According to de Zayas, one important non-German organization that participated in the investigations was the Ukrainian Red Cross. According to de Zayas, on 7 July 1941 the Ukrainian Red Cross addressed an appeal to the German city commander:

Over 4,000 corpses have been found in Lvov's prisons ... it is hardly possible to describe the condition in which the bodies were found ... [F]ull of anguish and consternation because of the fate of all Ukrainians who remain in prisons and concentration camps throughout the Soviet Union, the Ukrainian Red Cross requests that the entire civilized world be informed by radio of theses atrocities. In particular we urge the Swiss, Swedish, and Dutch Red Cross societies to take measures to protect the lives of those who are endangered so that they may still be saved."[5]

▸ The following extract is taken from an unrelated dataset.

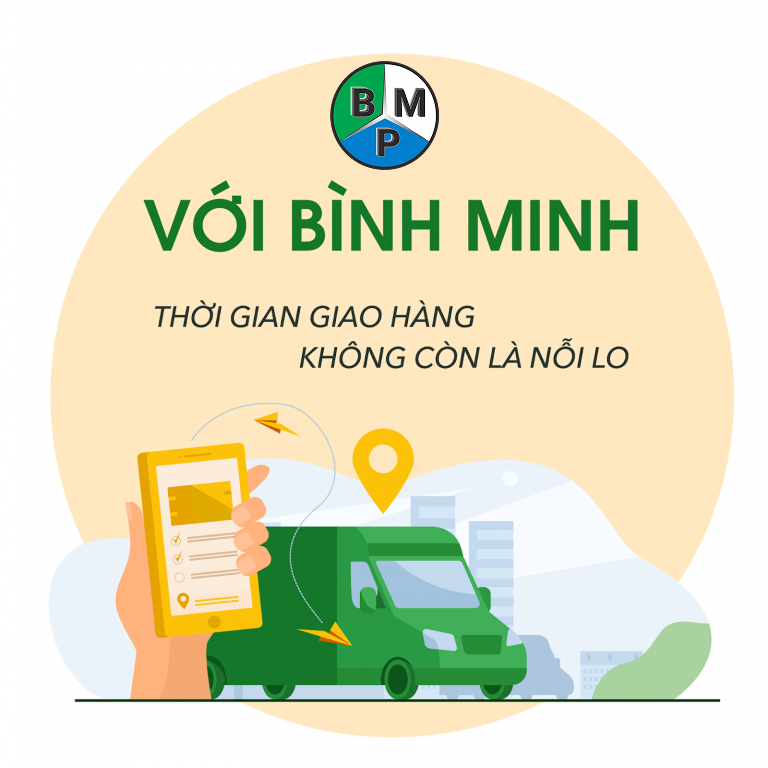 BMP Group cam kết giao h&agrave;ng đ&uacute;ng hẹn v&agrave; nhanh ch&oacute;ng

Zayas states that "the period prior to German occupation was dedicated to the mass killing" by what he claims as the "Jewish-dominated NKVD" of Ukrainians and Poles, and that "any Ukrainian-Polish murders" of thousands of Jewish civilians and Polish professors that took place during the German occupation, "were in retaliation for the NKVD massacres, and were of comparatively small scale".[4]

According to Zayas, these massacres were carried out exclusively by Ukrainian and Polish civilians, and the German authorities came to the rescue of Jews from the local civilian population. He wrote:"In affidavits given for the Nuremberg defense, senior German officers who had been in Lvov briefly after its capture confirmed the SD and SS reports of the bodies found in the prisons and the reaction of local civilians, but also testified that the German military authorities had issued orders to prevent violence against the Jewish population ... General Egbert Picker: "In the courtyard of the state prison I saw many rows of corpses, laid next to each other, many of them with the most grotesque mutilations ... I also saw in a small courtyard ... some 15 corpses, apparently Jews who had been killed as reprisal by the local population shortly after the Russians evacuated the town ... Jews were being taken to the prison by local civilians wearing armbands, and in one case they were being beaten with a bat ... General Kübler ... told me ... that he had ordered such acts of violence by the civilian population against Jewish persons to be immediately stopped".

According to de Zayas, in the fall of 1959, the Soviet Ukrainian press unfairly accused German Nazis, including the Adenauer cabinet minister Theodor Oberländer, of participating in these murders in Lviv. Oberländer was an advising officer of the Nachtigall Battalion.[citation needed]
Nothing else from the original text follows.